Forum Moderators: open

Message Too Old, No Replies

Edgy from Columbia?

getting hit by new spider

         

Megaclinium

12:58 am on Jun 19, 2008 (gmt 0)

10+ Year Member



I'm getting whacked by a apider with no ID in its UA, resolves to Columbia U in NY.

"Mozilla/5.0 (X11; U; Linux i686; en-US; rv:1.8.1.11) Gecko/20060601 Firefox/2.0.0.11 (Ubuntu-edgy)"

Any idea what or why?

I've 403'd them.
They haven't hit robots and are (were) simply bypassing my web pages and going direct to media files.

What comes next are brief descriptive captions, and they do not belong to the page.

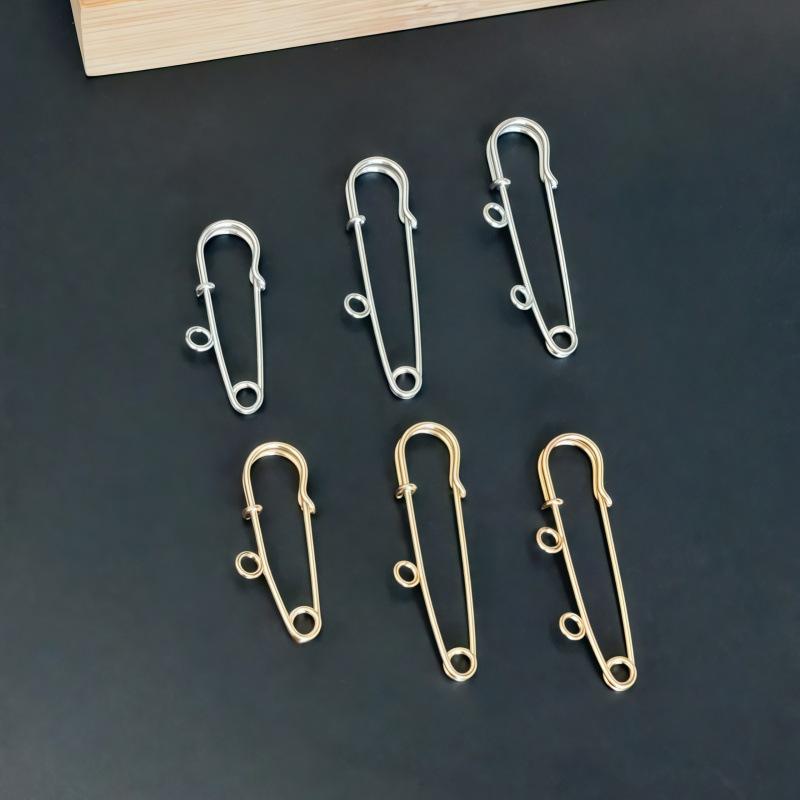 Sweater Brooch Pin Safety Brooch Color-Retaining Electroplating Waist Buckle Pin Large Pin Fixed Clothes with Ring Receiving Pin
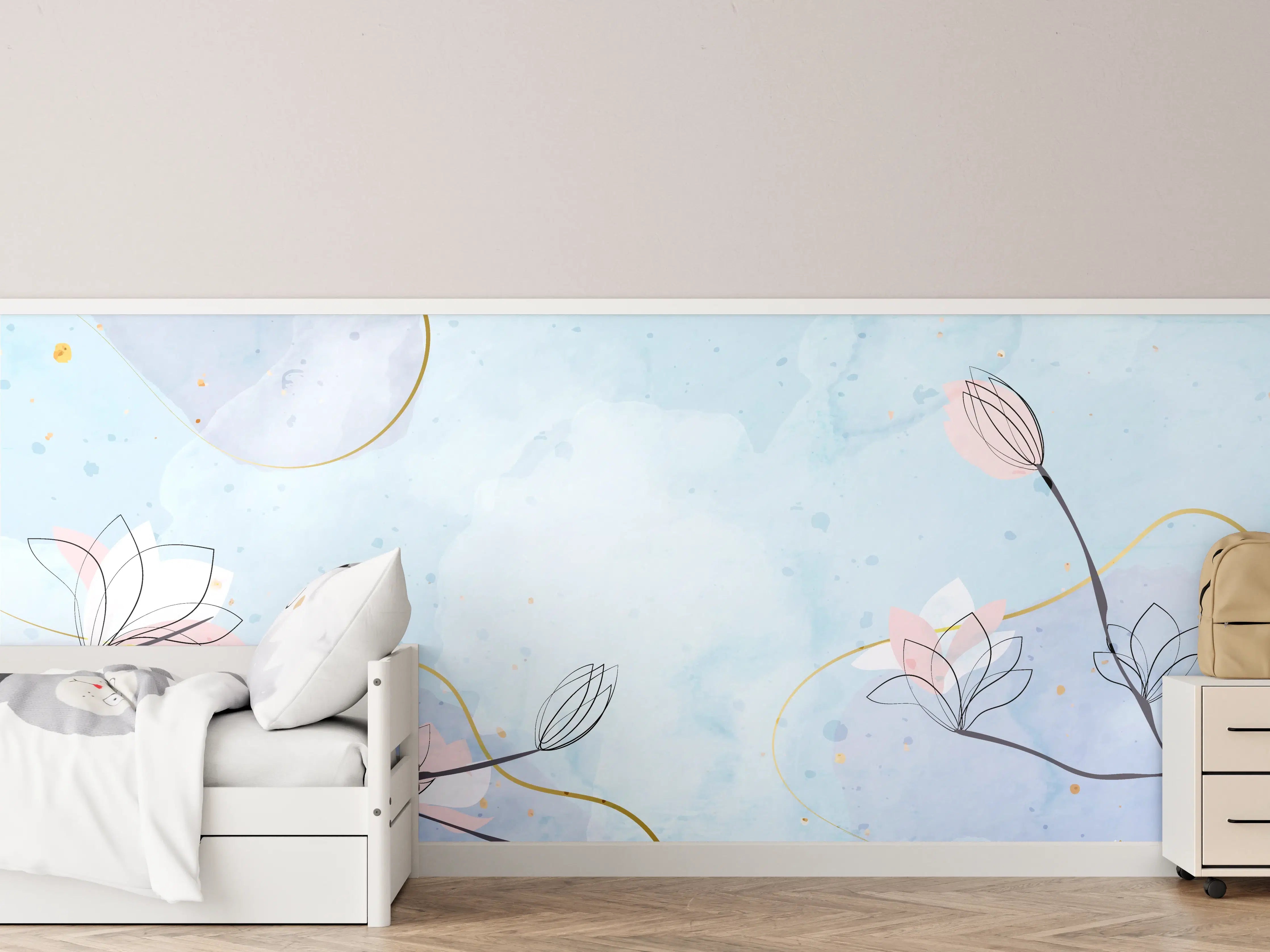 Kinderzimmer Wandgestaltung - Blumen-Aquarell Pastellfarben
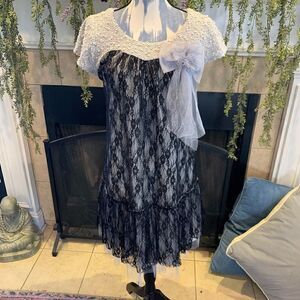 Anthropologie Ryu Women's L gray sparkle w black lace overlay short sleeve dress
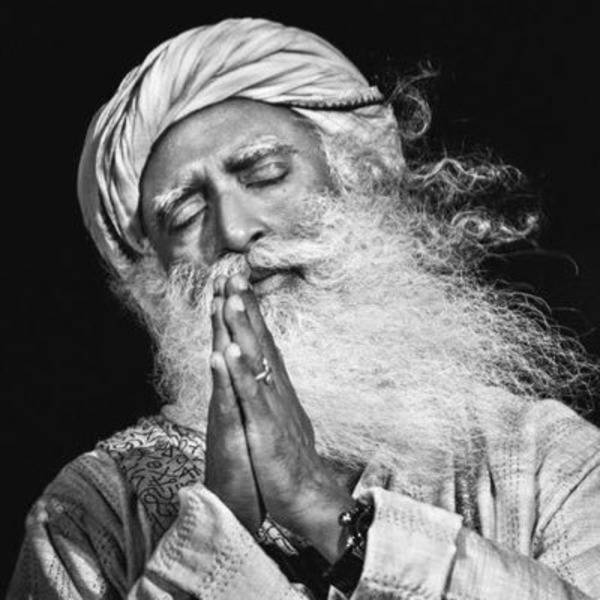 Sadhguru Meditating Black And White Background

Kind of clever, they are doing it over a wide period and random order from randomly selected directories. But a direct get to the content isn't particularly clever.

128.59.2x.xx is the address. 3 dift addresses in this columbia block have bots.

wilderness

1:23 pm on Jun 19, 2008 (gmt 0)

WebmasterWorld Senior Member 10+ Year Member Top Contributors Of The Month



I'm getting whacked by a apider with no ID in its UA, resolves to Columbia U in NY.

Not exactly ;)

The UA contains multiple unique names (even multiple logic) which allow focus.
Either on the names themselves or a combination of name and IP range.

An example of the latter:

# IF the UA contains Linux or Ubuntu and the visitor comes from 128.59.0-255.0-255, than deny access
RewriteCond %{HTTP_USER_AGENT} (Linux¦Ubuntu)
RewriteCond %{REMOTE_ADDR} ^128\.59\.
RewriteRule .* - [F]

Please note; the forum breaks the pipe character and requires correction prior to implementation.

Megaclinium

10:23 pm on Jun 19, 2008 (gmt 0)

10+ Year Member



Thanks!

Boy this spider is a bit of a dork.

When I wrote a vb program to check some shipping#s against the fedex web site for a job, I actually checked the return status.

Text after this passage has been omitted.